Meticulous reporting also prevents small problems from persisting. “If there’s an audio wand that’s not working, one of the technicians fixes it I wouldn’t typically know about it,” Mora said. “But because I keep track of it in JIRA, I can tell how many times that one wand has failed, that allows me to provide resources to it, monetarily, or equipment wise, that helps resolve problems.”
All of these preventative and reactive measures have so far kept malfunctions mostly invisible to the public, allowing the audiovisual elements to meld with and enhance the transformative gravity of the space. Mora said he’s read many reviews of the museum on TripAdvisor extolling AV’s role in enriching the experience.
“I feel that in many ways we are the custodians of this incredible content; it’s a very important part of the museum, because of the time in which it happened,” he said. “We were in an audiovisual age at the time, and there were many cameras in the hands of the public, as opposed to something that happened during World War II where many events went undocumented, for example.”

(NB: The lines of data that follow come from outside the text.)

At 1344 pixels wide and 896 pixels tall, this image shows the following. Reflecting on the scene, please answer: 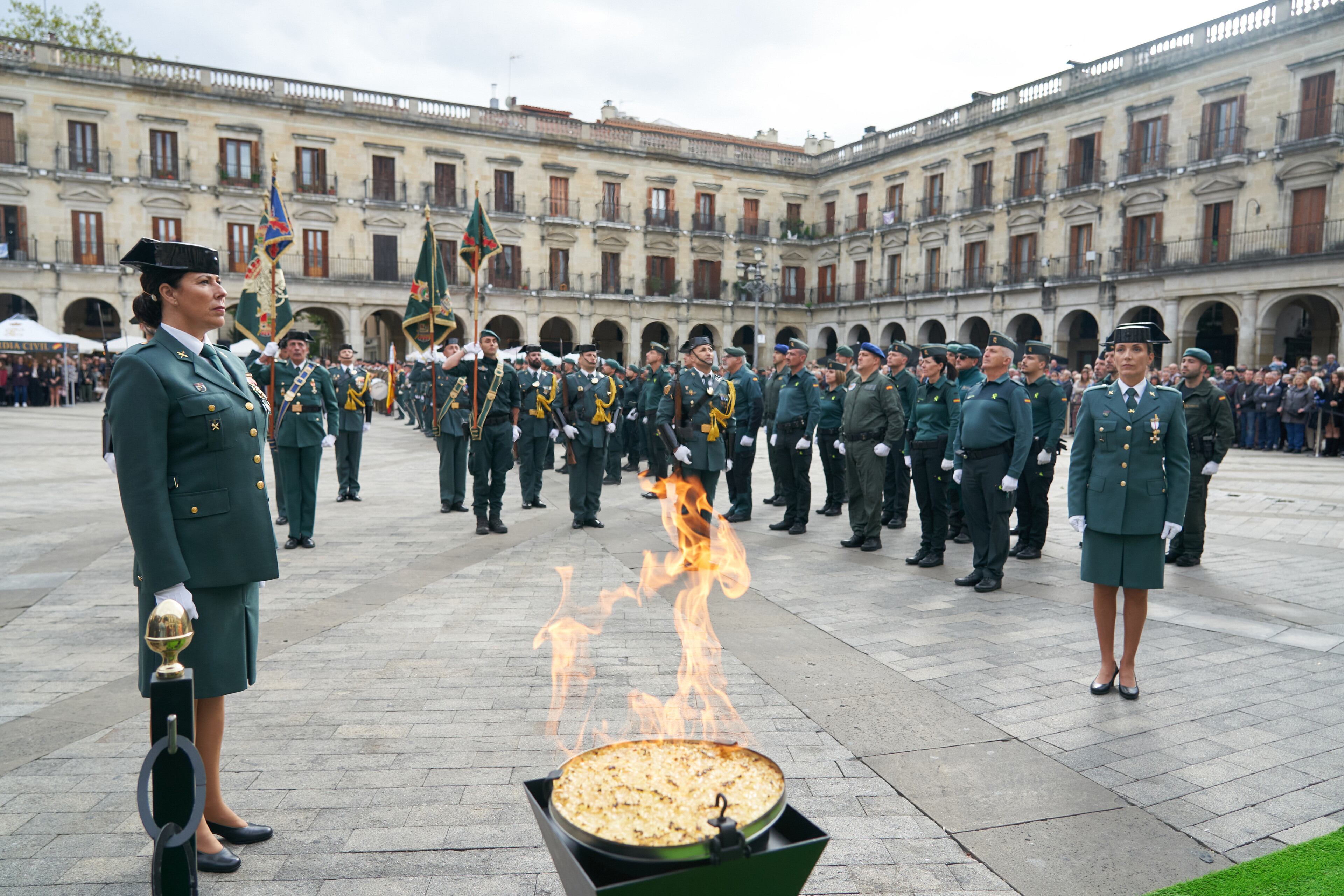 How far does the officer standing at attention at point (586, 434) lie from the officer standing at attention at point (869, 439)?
294 cm

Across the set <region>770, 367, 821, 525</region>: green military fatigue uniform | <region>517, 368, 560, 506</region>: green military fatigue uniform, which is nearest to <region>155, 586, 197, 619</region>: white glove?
<region>770, 367, 821, 525</region>: green military fatigue uniform

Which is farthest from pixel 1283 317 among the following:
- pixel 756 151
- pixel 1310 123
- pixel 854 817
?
pixel 854 817

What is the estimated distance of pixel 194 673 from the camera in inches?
114

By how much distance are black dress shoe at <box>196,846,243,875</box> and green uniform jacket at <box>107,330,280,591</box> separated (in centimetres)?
88

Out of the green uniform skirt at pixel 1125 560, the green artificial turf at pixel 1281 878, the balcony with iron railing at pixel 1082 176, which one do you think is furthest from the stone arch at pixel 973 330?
the green artificial turf at pixel 1281 878

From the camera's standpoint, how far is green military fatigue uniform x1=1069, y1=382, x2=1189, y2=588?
454 centimetres

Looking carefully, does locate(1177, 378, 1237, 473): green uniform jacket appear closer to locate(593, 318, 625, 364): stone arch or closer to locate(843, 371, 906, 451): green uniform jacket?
locate(843, 371, 906, 451): green uniform jacket

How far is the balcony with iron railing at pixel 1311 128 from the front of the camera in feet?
80.8

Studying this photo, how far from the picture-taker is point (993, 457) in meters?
6.99

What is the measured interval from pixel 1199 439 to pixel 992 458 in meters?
2.38

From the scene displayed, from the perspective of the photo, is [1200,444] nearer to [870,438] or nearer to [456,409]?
[870,438]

But ultimately, Mora believes that AV—no matter how moving—is merely an instrument for conveying the solemnity of the space, and for retelling the events of a day that changed America forever. “I think that when people come here, they leave with a completely different perspective on what that day was,” he said. “For us, it’s not the audiovisual; it’s what’s being displayed here, and our job is to make sure the story is told clearly, that it looks good, sounds good, and we’ll let the story tell itself. The story is powerful enough; it’s not something that we need to add anything to.”